Profile of a Successful Culture Change Leader: do you have the 3 Cs?

Gregg Lederman, CEO Brand Integrity

Gregg Lederman

(This bylined article by Gregg Lederman, Brand Integrity CEO, appeared on, the largest social network and online community of HR executives that shares knowledge on best practices, trends and industry news in order to help them develop their most important asset – their people.)


 “The secret to success is good leadership, and good leadership is all about making the lives of your team members or workers better.” — NFL Coach Tony Dungy

Leaders understand this mindset and strive to live it every day. And while it seems simple in theory, it’s not easy in execution. Yet, time and again, the most successful leaders find a way to overcome obstacles and create vibrant, powerful cultures within their organizations. How? Because leaders who instill successful, lasting change share three distinctive traits that help them find the ideal balance between performance, accountability, and humanity to create better places to work, while still achieving business results.

These traits can be boiled down to 3 Cs: Compassion, Courage, and Commitment.

When leaders have a healthy combination of those three qualities— and show their employees that they do— meaningful and sustainable culture change follows naturally. And while the words themselves may seem fairly obvious, it’s important that each facet of the 3Cs be properly understood in order to fully incorporate them into your management style.


When it comes down to it, wanting to make a real culture change has to start with having heart.

Instinctively, CEOs care about business metrics, like profitability, growth, and retention. But the CEOs who also lead with Compassion, or “heart,” believe that the quality of an organization’s culture is an equally important measure of success. Great leaders know that creating a purpose-driven environment where employees are engaged is, by itself, a desirable outcome.
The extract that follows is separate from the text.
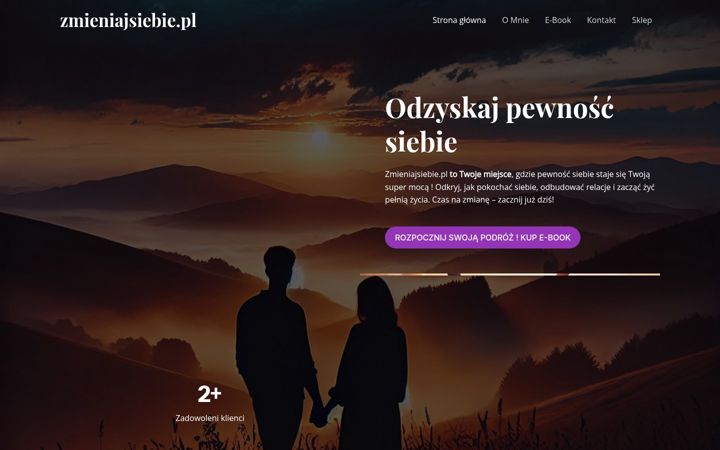 Screenshot von zmieniajsiebie.pl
Leaders high in Compassion can be heard saying:

“The numbers are important, but I want it to feel good to work here.”

“Our culture has a competitive advantage that attracts, and helps us keep, the best people.”

“The ROI on culture may sometimes be hard to measure right away, but it shows up in the extra effort and teamwork our employees demonstrate every day.”

Ultimately, leaders who demonstrate Compassion want their employees to have a great place to work, to take pride in their company, and to be passionate about the work they do.


In order to build a passionate team, leaders need to be courageous in their mission to achieve their desired culture. If you’re a leader who has attempted multiple culture improvement initiatives that didn’t yield results, you’re not alone. Many leaders have been in the same boat— but what sets a good leader apart is Courage and willingness to continue trying. What can often happen is that everyone wants change, but very few are willing to change.

But to create real change, you need to actively do things differently—and sometimes that requires Courage.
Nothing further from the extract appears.